TABLE OF CONTENTS

PRINT December 2018

books

Simone White

Inside the chaos of late September, when “we” received the sneering physiognomy of Brett Kavanaugh into “our” homes with varying degrees of grief and cynicism, I became even more sure that Lost Empress by Sergio de la Pava (Pantheon) (a public defender by day who became a literary legend before you could buy his work) was the best book I read this year. Here converge a superrich and unlikable woman-football-baron and her factotum-slash-mentee (both booty-trance-inducing Brown grads) between whom Joni Mitchell’s music stands in for actual tenderness; a criminal genius who may or may not lose his mind in solitary confinement on Rikers Island; and others who hold threads of events that are the aftereffects of a death by impaling. I don’t like novels, I say when people ask, Read any good novels lately? I prefer the smoke signals, incomplete statements, and anti-narrative gestures of experimental poetry and critical theory, because the barest comprehension feels truer to me than story. Talk to me in riddles, please. De la Pava’s writing is transporting, with near-wicked or obsessional kinds of knowing (about the “three-four defense” or emergency medicine or the paintings of Salvador Dalí or cleaning the kitchen floor) replacing orthodox modes of characterization. This is a great relief: to be, in the act of reading, excused from the belief that we know people in and through their essence. Poetically, de la Pava is of Herman Melville’s party.
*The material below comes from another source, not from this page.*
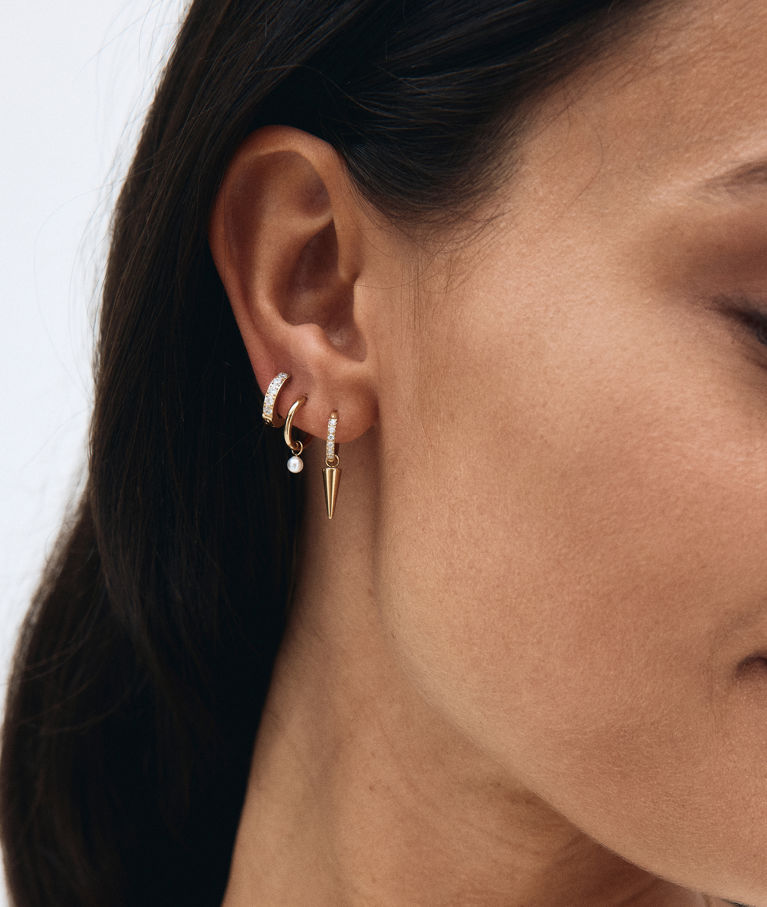 Stålörhänge Peak One Hoops Sirius Gold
Other things that perennially clank about my mental space (in no particular order) include rap music, sex with men, phrases from hundreds of poems, ideas about black people, the dialectical relation between smoking and extreme forms of exercise, and the question of whether or not I am a girl. I sensed the circulation of all these matters in this truly great American novel.

Simone White is a poet and the author, most recently, of Dear Angel of Death (Ugly Duckling Presse, 2018). She lives in New York and teaches at the University of Pennsylvania.